The F Words: English Teacher Hero

In my high school, Brookfield High (Brookfield, Ohio), my favorite teacher was my English teacher, Mrs. Dorothy Drummond. I was fortunate enough to have her as my teacher for two years rather than one. She influenced me  greatly with her love of learning, her wide range of knowledge, her understanding of the human condition as expressed through literature, and her love of language. In addition, she had a great sense of humor. 

It’s possible that I would have become a writer no matter what, but I do know that Mrs. Drummond strongly encouraged me to consider becoming a writer. For that, among other things, I am eternally grateful.

When I went to college, I majored in English and in History, but when I went on to grad school, I studied American Literature. I myself went on to become an English teacher at the college level, working as an instructor at Kent State University and Cuyahoga Community College.

English teachers and teaching English and literature are in my background, for sure, and probably in my blood. This is not to say, however, that I consciously think about English teachers a lot. As far as I know, I don’t.

Yet when I started to write the opening scene of The F Words, who is it that catches Cole tagging the high school walls with the f word? It’s Mr. Nachman, his English teacher. It could have been his cross-country coach. Or his math teacher, or history teacher, or social studies teacher. It could have been the principal, or the assistant principal. Or the custodian. Yes, it could have been any of these others, but the truth is that I never, ever, gave a conscious thought as to who would intercept Cole — Mr.
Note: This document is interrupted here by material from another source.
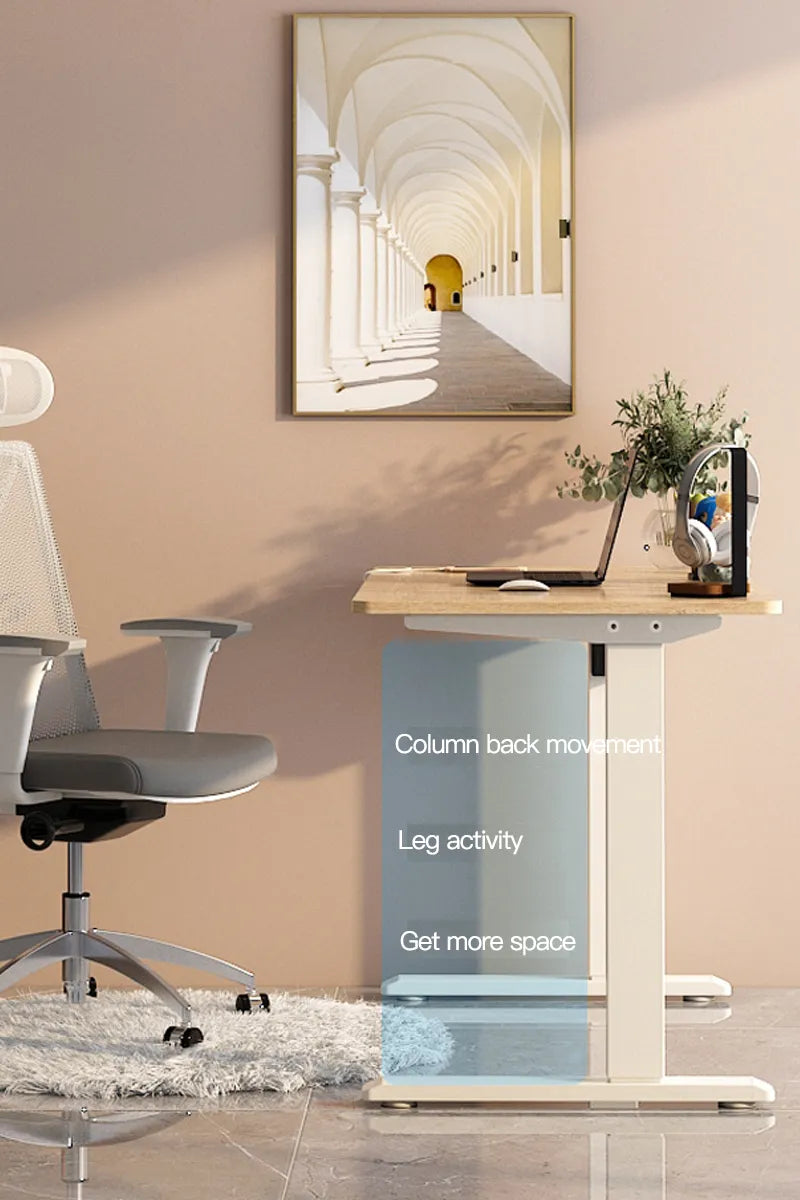 Entry-level Basic Adjustable Desktop Computer Table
Nachman, his English teacher, stepped into the story and onto the page without my selecting him. He just appeared and there was never in my mind the slightest thought of sending him back.

Mr. Nachman, I believe, was destined to intervene in order to help Cole, whose father is in Cook County Jail for organizing his neighborhood to protest against the closing of the local grade school. It is because his father has been thrown in jail for exercising his civil rights that Cole is angry. Furious. Frustrated. Which is why he tags the high school wall with the f word.

Mr. Nachman, of course, understands why Cole does this. If he didn’t understand, he wouldn’t be much of an English teacher: if he didn’t understand, it would mean that reading great literature left him with little or no empathy. If he didn’t understand, he would be a failure as a teacher.

Because he understands many different things at once  — that Cole is angry and frustrated; that defacing public property is not a responsible way to act; that somebody had better clean up the spray paint, and fast; that there are better, stronger, more effective ways to protest injustice — Mr. Nachman does not report Cole to the principal. Instead, he offers Cole a way out: if Cole volunteers to clean off the paint and writes two poems a week, each about a word starting with the letter f . . . then Nachman will never tell the principal who tagged the wall.

Mr. Nachman never states his motive for requiring Cole to write the two poems each week. Instead, he simply tells Cole that he (Cole) is pretty good at writing poetry. His motive, though, is to get Cole to think, to analyze, to reflect. About himself, other people, institutions, ideas — anything and everything that crosses Cole’s consciousness.

Like any good teacher, Mr. Nachman knows his students. The poetry-writing assignment calms Cole down and does get him to think, analyze, and reflect. And then, in the middle of the book, when Cole has made a major decision, Mr. Nachman steps in with more information about f words and about poetry. (I discussed this in a previous blog, The F Words: Poetry and the Middle).

Even that is not the end of Mr. Nachman’s importance to Cole’s life and to the story. But you will have to read the novel to see how that works out.

Mr. Nachman is not the hero of The F Words. The  hero is Cole. And Felipe. And Treva. And their fellow students who fight for justice. The teen characters are in the foreground. But in the background are a few adult heroes. Cole’s English teacher is one of them.